╭──

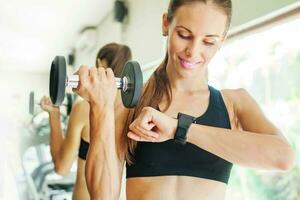 Smart watch showing a heart rate of excercising woman in gym photo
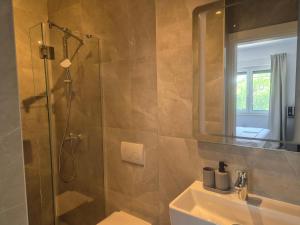 a bathroom with a shower and a toilet and a sink at Apartment & Room Aleksandra in Rab +12 photos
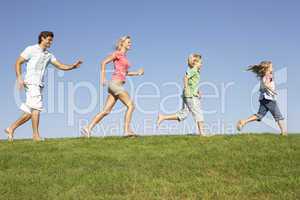 Young family, parents with children,  running through field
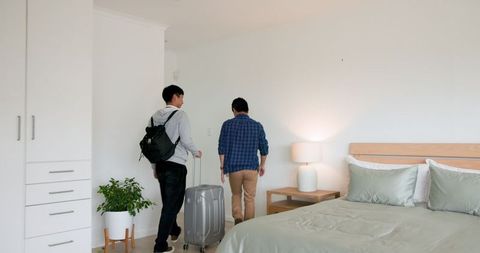 Two men packing suitcase in bedroom for travel adventure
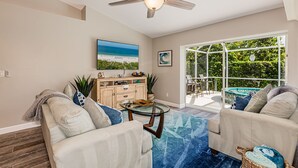 A living room with a ceiling fan, a glass coffee table, and a sofa. There is a large window with a view of greenery outside. - THE WAVES HOUSE! 7 minute walk to the beach, 2 minute walk to the JW Marriott   (Marco Island)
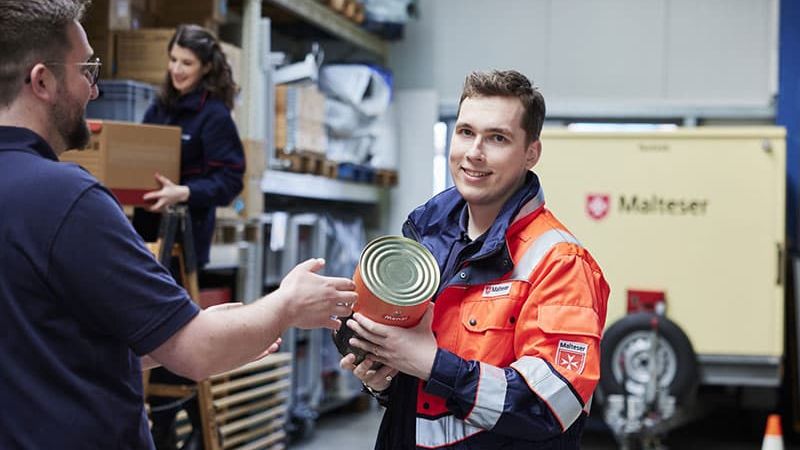 Mann in Malteser Einsatzkleidung packt Konserven ein. 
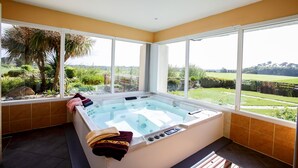 Une salle de bain moderne avec une grande baignoire, de grandes fenêtres et une vue sur l’extérieur.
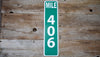 custom metal mile marker sign with a green background and white lettering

╰──

**TO DO:** Nothing but the lines from the line containing "A living room" through the last line of the records above should be written out, exactly and without the pictures.

**RESULT OF THE TASK:**
 A living room with a ceiling fan, a glass coffee table, and a sofa. There is a large window with a view of greenery outside. - THE WAVES HOUSE! 7 minute walk to the beach, 2 minute walk to the JW Marriott   (Marco Island)
 Mann in Malteser Einsatzkleidung packt Konserven ein. 
 Une salle de bain moderne avec une grande baignoire, de grandes fenêtres et une vue sur l’extérieur.
 custom metal mile marker sign with a green background and white lettering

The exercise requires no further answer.